2. RELATED TRANSACTIONS

2.1 Finder. There are no finders with respect to the transaction contemplated herein.

3. REPRESENTATIONS AND WARRANTIES BY THE SELLER, PURCHASER AND ISSUER

3.1 The Seller hereby represents and warrants to Purchasers as follows:

(a) The Seller is a corporation duly organized, validly existing, and in good standing under the laws of the state of Delaware, and is qualified in no other state.

(b) This Agreement and any other agreement executed by Seller in connection herewith have been duly executed and delivered by it and constitute the valid, binding and enforceable obligation of Seller, subject to the applicable bankruptcy, insolvency and similar laws affecting creditors’ rights generally and rights of stockholders.

(c) Seller has full power and authority to sell and transfer the Shares to Purchaser without obtaining the waiver, consent, order or approval of (i) any state or federal governmental authority or (ii) any third party or other person including, but not limited to, other stockholders of the Issuer.
 
(d) Neither the execution and delivery of this Agreement nor the consummation of the transactions contemplated hereby will constitute a violation or default under any term or provision of the Certificate of Incorporation or By-Laws of the Seller, or of any contract, commitment, indenture, other agreement or restriction of any kind or character to which the Seller is a party to or by which the Seller is bound.

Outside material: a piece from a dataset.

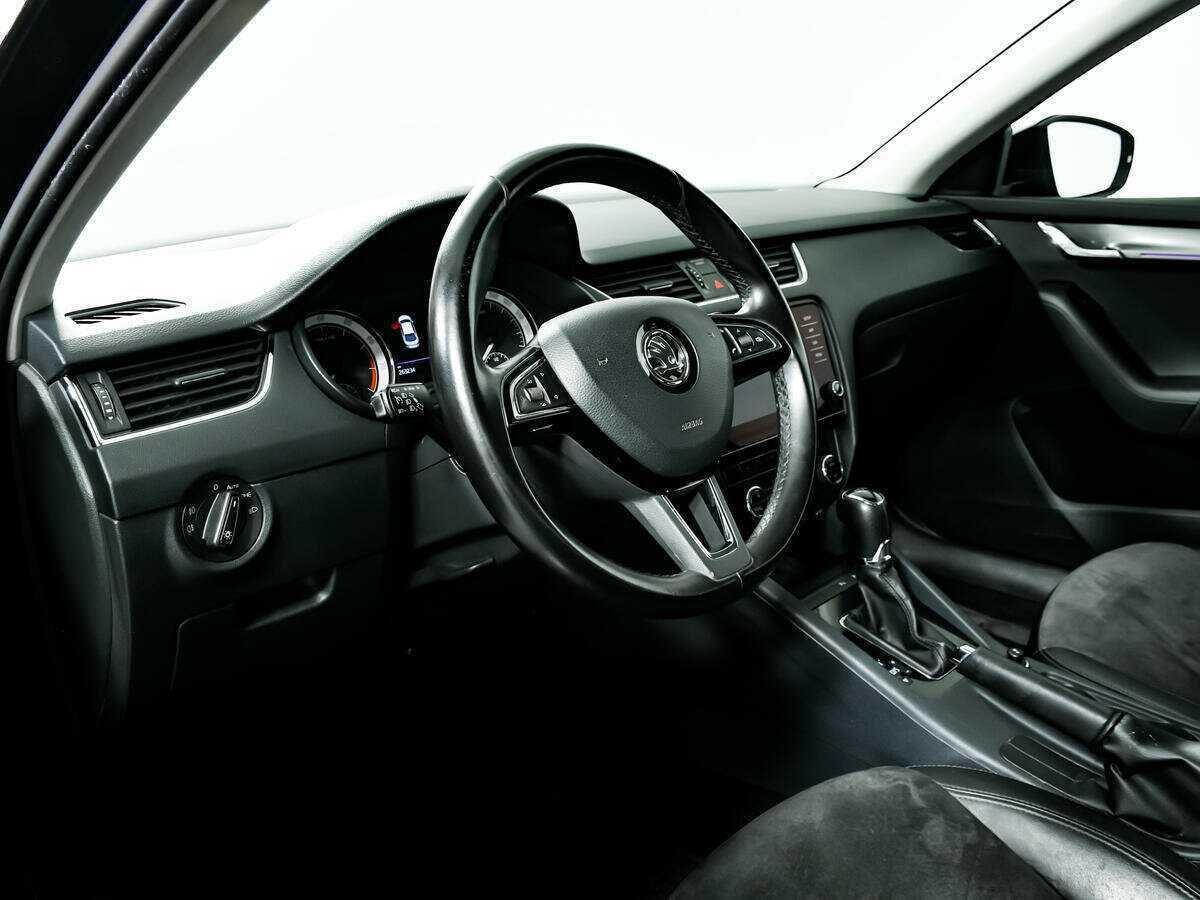 Купить Skoda Octavia, 2017, 263 229 км, фото №13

  3.2 The Issuer hereby represents and warrants to the Purchasers as follows:
 
(a) The Issuer is a corporation duly organized, validly existing and in good standing under the laws of the State of Delaware and the Issuer shall provide to Purchaser on the Closing Date a Certificate of Good Standing from the Secretary of State of Delaware. The Issuer has the corporate power to own its properties and to carry on its business as now being conducted and is duly qualified to do business and is in good standing in each jurisdiction in which the failure to be so qualified and in good standing would have a material adverse effect on the Issuer. The Issuer is not in violation of any of the provisions of its certificate of incorporation or by-laws. No consent, approval or agreement of any individual or entity is required to be obtained by the Issuer in connection with the execution and performance by the Issuer of this Agreement or the execution and performance by the Issuer of any agreements, instruments or other obligations entered into in connection with this Agreement. The Issuer has no subsidiary, and it does not have any equity investment or other interest, direct or indirect, in, or any outstanding loans, advances or guarantees to or on behalf of, any domestic or foreign individual or entity.
 
(b)  To the best of Issuer’s knowledge, the authorized capital stock of the Issuer consists of 40,000,000 shares of common stock, 1,000,000 of which are validly issued and outstanding, fully paid and non-assessable and 10,000,000 shares of preferred stock, none of which are issued and outstanding, as set forth in the Issuer’s 10-Q for the quarter ended June 30, 2008. The Purchaser acknowledges that these Shares being acquired from the Seller are restricted securities as that term is defined in Rule 144 of the Securities Act of 1933, as amended (the “Act”). 
 
(c)  Other than as otherwise described herein, the Issuer is not a party to any agreement or understanding pursuant to which any securities of any class of capital stock are to be issued or created or transferred. The Issuer has not acquired any shares of Common Stock, and has no formal or informal agreements or understandings pursuant to which it can or will acquire any shares of Issuer Common Stock. The Issuer nor any officer, director or 5% stockholder of the Issuer has any agreements, plans, understandings or proposals, whether formal or informal or whether oral or in writing, pursuant to which it granted or may have issued or granted any individual or entity any convertible security or any interest in the Issuer or the Issuer’s earnings or profits, however defined. As used in this Agreement, the term “Convertible Securities” shall mean any options, rights, warrants, convertible debt, equity securities or other instrument or agreement upon the exercise or conversion of which or upon the exchange of which or pursuant to the terms of which additional shares of any class of capital stock of the Issuer may be issued.
 
(d)  There is no private or governmental action, suit, proceeding, claim, arbitration or investigation pending before any agency, court or tribunal, foreign or domestic, or, to the Issuer’s best knowledge, threatened against the Issuer or any of its properties or any of its officers or directors (in their capacities as such). There is no judgment, decree or order against the Issuer that could prevent, enjoin, alter or delay any of the transactions contemplated by this Agreement. The term “Best Knowledge” of the Issuer shall mean and include (i) actual knowledge and (ii) that knowledge which a prudent businessperson would reasonably have obtained in the management of such Person’s business affairs after making due inquiry and exercising the due diligence which a prudent businessperson should have made or exercised, as applicable, with respect thereto. Actual or imputed knowledge of any director or officer or Seller shall be deemed to be knowledge of the Issuer.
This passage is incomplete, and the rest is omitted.